My personal favourite is the queen gambit( I don't use it as a real gambit): a more positional opening than the very tactical king's gambit. And I think the king's gambit is not very sound due to the fischer defence which seems very nice for black.
Queen's gambit absolutely
thank you very much :D
These two openings don't even have any remote similarities. The QG isn't quite a gambit and it leads to fairly solid positions. The wildest you can get in the QG is in the Semi-Slav Botvinnik as well as the Semi-Slav Anti Moscow.
The KG on the other hand is very tactical and wild. Very risky too, especially if black knows how to defend well.

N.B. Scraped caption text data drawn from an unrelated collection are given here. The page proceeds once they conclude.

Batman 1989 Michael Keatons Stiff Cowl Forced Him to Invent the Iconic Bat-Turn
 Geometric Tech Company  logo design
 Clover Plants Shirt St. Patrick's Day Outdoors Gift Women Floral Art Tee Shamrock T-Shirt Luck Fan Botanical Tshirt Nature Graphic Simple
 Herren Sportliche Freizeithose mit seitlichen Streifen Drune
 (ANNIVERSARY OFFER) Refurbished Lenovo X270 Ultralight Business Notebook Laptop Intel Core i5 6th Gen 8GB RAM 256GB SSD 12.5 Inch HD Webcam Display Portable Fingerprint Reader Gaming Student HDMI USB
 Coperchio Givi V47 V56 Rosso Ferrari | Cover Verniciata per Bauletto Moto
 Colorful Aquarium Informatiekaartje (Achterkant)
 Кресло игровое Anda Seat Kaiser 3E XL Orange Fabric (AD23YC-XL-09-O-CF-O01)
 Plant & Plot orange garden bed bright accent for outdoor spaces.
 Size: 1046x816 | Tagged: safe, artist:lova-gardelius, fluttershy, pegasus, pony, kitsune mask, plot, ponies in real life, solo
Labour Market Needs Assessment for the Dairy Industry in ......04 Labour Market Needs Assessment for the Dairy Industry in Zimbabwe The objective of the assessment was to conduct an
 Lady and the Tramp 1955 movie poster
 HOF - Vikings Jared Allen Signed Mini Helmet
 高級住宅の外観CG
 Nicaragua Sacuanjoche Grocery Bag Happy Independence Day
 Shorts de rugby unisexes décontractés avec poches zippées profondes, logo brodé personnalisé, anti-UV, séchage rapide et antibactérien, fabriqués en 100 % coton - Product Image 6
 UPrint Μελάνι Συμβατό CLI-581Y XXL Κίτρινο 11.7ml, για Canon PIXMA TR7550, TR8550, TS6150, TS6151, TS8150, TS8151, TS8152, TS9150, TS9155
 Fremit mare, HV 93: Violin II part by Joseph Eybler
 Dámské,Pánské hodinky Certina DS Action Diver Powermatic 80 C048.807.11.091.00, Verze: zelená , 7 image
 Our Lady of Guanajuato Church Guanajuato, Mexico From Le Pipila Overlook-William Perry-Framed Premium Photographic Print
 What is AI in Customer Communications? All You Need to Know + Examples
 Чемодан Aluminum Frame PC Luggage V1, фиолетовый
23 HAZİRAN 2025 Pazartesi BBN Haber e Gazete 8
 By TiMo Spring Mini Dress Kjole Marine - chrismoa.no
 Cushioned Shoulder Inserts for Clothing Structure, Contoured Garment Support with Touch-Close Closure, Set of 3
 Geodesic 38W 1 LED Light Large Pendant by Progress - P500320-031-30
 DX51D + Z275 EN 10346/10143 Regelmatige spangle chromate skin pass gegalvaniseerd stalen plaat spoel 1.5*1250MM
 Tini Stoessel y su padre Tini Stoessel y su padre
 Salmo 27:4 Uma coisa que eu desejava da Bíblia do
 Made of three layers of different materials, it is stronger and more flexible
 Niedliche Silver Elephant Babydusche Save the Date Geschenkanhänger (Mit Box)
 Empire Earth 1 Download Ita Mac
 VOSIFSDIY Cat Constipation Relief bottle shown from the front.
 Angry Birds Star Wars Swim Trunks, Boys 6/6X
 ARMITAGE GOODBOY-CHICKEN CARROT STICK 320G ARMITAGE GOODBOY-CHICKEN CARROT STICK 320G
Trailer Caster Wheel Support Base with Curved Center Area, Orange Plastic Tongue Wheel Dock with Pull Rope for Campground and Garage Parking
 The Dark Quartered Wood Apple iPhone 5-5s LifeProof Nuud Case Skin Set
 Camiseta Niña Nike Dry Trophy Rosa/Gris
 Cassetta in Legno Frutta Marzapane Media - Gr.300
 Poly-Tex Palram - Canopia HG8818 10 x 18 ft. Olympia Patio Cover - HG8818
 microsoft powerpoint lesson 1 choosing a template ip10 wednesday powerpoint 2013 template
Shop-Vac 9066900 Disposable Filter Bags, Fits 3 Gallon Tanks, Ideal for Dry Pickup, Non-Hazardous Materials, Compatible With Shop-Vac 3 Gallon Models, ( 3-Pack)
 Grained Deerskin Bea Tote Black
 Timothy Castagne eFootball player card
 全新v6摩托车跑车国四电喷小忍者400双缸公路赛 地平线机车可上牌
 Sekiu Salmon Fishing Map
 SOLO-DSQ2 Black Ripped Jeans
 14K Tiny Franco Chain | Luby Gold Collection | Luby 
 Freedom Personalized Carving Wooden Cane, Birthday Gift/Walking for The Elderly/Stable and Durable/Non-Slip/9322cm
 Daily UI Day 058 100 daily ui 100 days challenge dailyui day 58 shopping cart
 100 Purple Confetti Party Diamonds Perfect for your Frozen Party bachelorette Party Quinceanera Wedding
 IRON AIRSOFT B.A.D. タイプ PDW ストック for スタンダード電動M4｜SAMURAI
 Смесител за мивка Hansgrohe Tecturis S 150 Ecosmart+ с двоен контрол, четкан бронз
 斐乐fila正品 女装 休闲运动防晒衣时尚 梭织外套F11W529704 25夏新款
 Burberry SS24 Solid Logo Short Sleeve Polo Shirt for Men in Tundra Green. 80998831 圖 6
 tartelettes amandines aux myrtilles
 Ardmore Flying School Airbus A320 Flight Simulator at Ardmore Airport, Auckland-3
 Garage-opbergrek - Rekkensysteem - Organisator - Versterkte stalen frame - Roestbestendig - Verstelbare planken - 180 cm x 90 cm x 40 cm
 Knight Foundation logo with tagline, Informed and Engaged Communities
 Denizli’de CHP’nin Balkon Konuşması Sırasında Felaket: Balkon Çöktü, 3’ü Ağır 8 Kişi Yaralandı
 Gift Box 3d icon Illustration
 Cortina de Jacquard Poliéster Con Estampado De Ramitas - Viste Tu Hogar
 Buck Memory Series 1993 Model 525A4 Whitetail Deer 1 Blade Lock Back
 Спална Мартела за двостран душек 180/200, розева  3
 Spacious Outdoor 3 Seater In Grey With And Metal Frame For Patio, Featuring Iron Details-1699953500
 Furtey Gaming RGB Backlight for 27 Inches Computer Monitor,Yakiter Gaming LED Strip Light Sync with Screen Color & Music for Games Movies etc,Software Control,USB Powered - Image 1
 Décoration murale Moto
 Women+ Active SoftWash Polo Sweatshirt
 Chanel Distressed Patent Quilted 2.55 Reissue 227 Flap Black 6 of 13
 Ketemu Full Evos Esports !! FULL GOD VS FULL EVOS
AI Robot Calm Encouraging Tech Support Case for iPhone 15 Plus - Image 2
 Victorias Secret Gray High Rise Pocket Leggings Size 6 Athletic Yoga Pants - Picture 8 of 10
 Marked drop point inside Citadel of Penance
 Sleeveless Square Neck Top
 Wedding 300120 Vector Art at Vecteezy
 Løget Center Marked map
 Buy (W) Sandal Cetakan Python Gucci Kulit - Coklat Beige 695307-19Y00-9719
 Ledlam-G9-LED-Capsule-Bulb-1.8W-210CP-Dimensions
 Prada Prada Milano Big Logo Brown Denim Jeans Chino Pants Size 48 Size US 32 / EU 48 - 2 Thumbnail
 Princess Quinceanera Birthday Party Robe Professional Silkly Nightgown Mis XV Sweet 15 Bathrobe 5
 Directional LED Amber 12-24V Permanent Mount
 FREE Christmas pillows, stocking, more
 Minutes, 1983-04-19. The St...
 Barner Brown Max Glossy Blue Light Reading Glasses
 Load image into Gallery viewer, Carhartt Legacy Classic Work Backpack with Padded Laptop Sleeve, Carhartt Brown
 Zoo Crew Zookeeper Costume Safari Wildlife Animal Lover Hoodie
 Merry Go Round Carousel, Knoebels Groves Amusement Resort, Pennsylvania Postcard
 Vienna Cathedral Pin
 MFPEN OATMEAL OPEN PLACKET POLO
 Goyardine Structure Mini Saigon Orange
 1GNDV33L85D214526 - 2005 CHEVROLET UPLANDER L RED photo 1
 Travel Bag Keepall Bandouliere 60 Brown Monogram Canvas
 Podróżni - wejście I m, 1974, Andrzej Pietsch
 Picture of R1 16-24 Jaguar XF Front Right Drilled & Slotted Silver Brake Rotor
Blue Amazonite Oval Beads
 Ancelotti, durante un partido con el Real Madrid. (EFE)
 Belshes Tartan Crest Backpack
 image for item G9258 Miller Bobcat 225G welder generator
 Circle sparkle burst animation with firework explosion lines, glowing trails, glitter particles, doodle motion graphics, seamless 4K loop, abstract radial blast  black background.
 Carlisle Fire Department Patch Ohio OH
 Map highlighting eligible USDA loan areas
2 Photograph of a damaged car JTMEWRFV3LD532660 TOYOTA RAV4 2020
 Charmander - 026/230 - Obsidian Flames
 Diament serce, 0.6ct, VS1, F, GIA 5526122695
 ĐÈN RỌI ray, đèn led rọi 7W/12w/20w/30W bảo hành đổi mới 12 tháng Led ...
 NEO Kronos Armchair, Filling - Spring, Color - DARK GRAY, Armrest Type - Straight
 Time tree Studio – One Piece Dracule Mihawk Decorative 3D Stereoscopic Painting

Naturally as I play it, my vote goes for the QG. But it is played very often for a reason: Its good.
it is so rare to see QGA that its not much of a gambit anymore.
ok, i should play the QG more than...
Eric_C, isn't the main line 2...dxc4 3.e3 c5 Bxc4? I hardly see 3.e4 nowadays.
The main line is 3 Nf3 guys, and I don't think black holds the pawn even if he tries as hard as he can. Of course, there are numerous true gambit lines branching off of the QG if that's what white wants, but he certainly doesn't have to play it that way.
However, to whoever said the QGA isn't seen nowadays, that's completely false. I too used to think that ...dxc4 had little point if he doesn't even keep the pawn, but it's a completely viable opening. Black just improves his position while white regains the pawn, has ...c5 coming soon, and can develop his pieces more actively than in most QG's. White has more possibilities in the center, but it's an equal trade for black's solid structure and good development.
But there is TONS of counter's against QG!!! i think more than KG!!! but usually playing the KG it leaves it easily check mated while black can devolope castle...
White..i think...if he plays d4...i guess
3. e4 may not be the main line, but it should be. From my own experiences on ICCF, 3. e4 is white's best shot at a tactical win against the QGA.
That doesn't mean it should be main line. Also 3 e4 is a little less popular than the other moves.
Sure white can make it a real gambit with 3. e4 but I prefer the main line 3. Nf3. In this line, if black tries to hang on to that pawn, his position gets horrible and white eventually wins the pawn back:
It's just a matter of preference. I like both lines, as the e4 line often gives white great positional compensation and a nice initiative, but the quiet Nf3 lines are more consistent with my tastes, less "do or die".
if QG not accepted... it is not a gambit... but a trap... or just an opening :p
Back to the original poster-
King's Gambit and Queen's Gambit are night and day different. The King's gambit is a holdover from the romantic age of 19th century chess. It seeks to open the position immediately and start a vicious attack on the king side. The gambit is often followed up by additional material sacrifice to maintain the attack. Its an all or nothing, get a mate in the middle game or die trying system. Today the King's Gambit is rarely seen in grandmaster play.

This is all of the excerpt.